# WHAT IS EXPECTED
Report every line from the following entries that contains the string "السياره".

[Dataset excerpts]
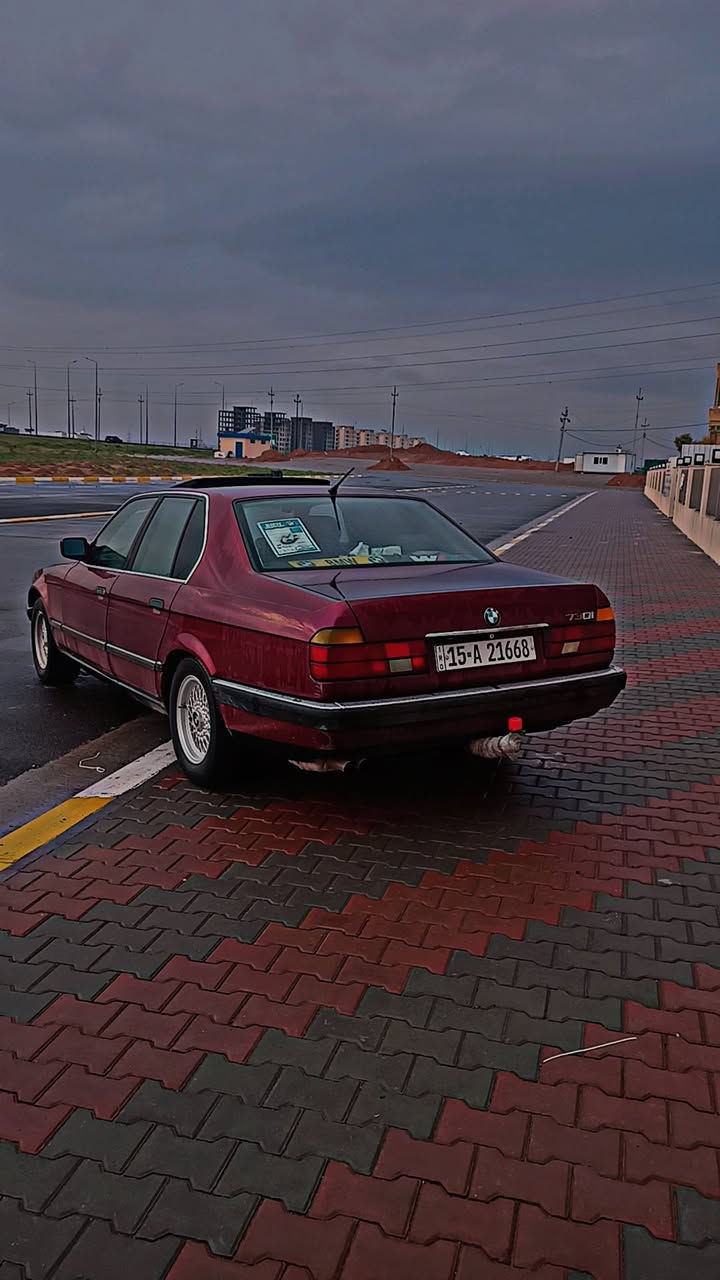 BMW 1993/730
السياره جديده ودخول جديد.. 
داخله للعراق 2009.. 
3قطع صبغ.. 
فول مواصفات.. 
دبل يرباك.. 
دبل جكمجه.. 
5بردات. فتحه.. 
تلفون.. 
كراسي جلد.. 
تخم تاير.. 
رقم انبار.. 
السعر 90وبي مجال.. 
مكان.. السياره.. اربيل: 

***********
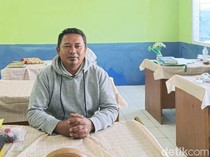 Ketulusan Anas, Guru Honorer Garut yang Bangun Rumah Warga Tak Mampu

# OUTPUT OF THE EXERCISE
السياره جديده ودخول جديد.. 
مكان.. السياره.. اربيل: 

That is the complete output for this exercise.